Selain itu, kawasan tersebut juga akan memiliki kewenangan pengawasan dan kelembagaan tersendiri yang diatur secara khusus melalui Undang-undang.
"Pengecualian dari sistem perpajakan, pengecualian dari sistem pengawasan sektor keuangan, pengecualian dari sistem hukumnya, karena akan digunakan sistem hukum common law, bukan civil law," ungkapnya.
Berbagai pengecualian tersebut, harapannya investor asing dapat lebih tertarik mendirikan perusahaan maupun menanamkan modalnya di Indonesia.
Menurut dia, seluruh sektor jasa keuangan nantinya dapat beroperasi di PFII, mulai dari perbankan, asuransi, dana pensiun, modal ventura, perusahaan sekuritas, hingga berbagai lembaga pengelola aset keuangan lainnya.
"Orang Indonesia bisa mendirikan perusahaan di sana, bahkan orang asing juga bisa mendirikan perusahaan di sana," ujarnya.
Politikus Partai Golkar itu menuturkan pemerintah ingin menciptakan nilai tambah yang membedakan PFII dari pusat keuangan internasional lain di kawasan. Dia mencontohkan, apabila sebuah bank berdiri di kawasan PFII, mekanisme pengawasannya akan diatur melalui ketentuan khusus yang berlaku di kawasan tersebut tanpa harus mengubah undang-undang yang berlaku secara nasional.
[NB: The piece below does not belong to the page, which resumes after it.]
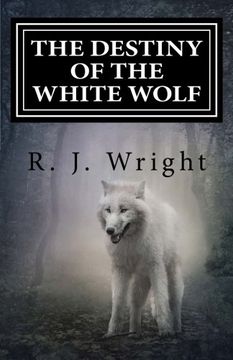 portada The Destiny Of The White Wolf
Sementara itu, pemerintah memastikan seluruh transaksi lintas batas di PFII tetap akan tercatat dalam statistik nasional, termasuk kontribusinya terhadap devisa negara, pendapatan nasional, maupun transaksi investasi.
Secara terpisah, Menteri Keuangan Purbaya Yudhi Sadewa mengungkapkan Indonesia selama ini memang belum memiliki kawasan keuangan internasional yang dirancang dengan standar tata kelola, kepastian hukum, dan daya saing setara pusat-pusat keuangan dunia.
Karena itu, pemerintah mengusulkan pembentukan PFII sebagai kawasan dengan pengaturan khusus untuk mengakomodasi kebutuhan industri jasa keuangan global.
Dalam aspek hukum, pemerintah mengusulkan pembentukan Pengadilan PFII yang berwenang menangani sengketa bisnis di kawasan tersebut. RUU juga membuka ruang penerapan praktik terbaik hukum komersial internasional guna menciptakan proses penyelesaian sengketa yang lebih cepat, efisien, dan memberikan kepastian hukum bagi pelaku usaha.
Purbaya menegaskan seluruh pengaturan khusus tersebut tidak dimaksudkan mengurangi kedaulatan hukum Indonesia, melainkan meningkatkan daya saing Indonesia dalam menarik investasi global dan memperkuat posisi Indonesia sebagai pusat keuangan internasional di kawasan.
"Nanti kita lihat semua insentif yang membuat PFII ini lebih berdaya saing secara internasional. Memang selain insentif pajak, ada macam-macam," ucap Purbaya di Kompleks Parlemen.
Sekadar catatan, pemerintah dan DPR telah menyetujui untuk memulai pembahasan RUU PFII. Payung hukum ini akan mulai dibahas di tingkat panitia kerja (panja), dan ditargetkan rampung dalam waktu kurang dari 20 hari.
Menurut rencana, RUU PFII akan masuk dalam pembicaraan tingkat II pada 21 Juli 2026 dan akan disahkan menjadi UU.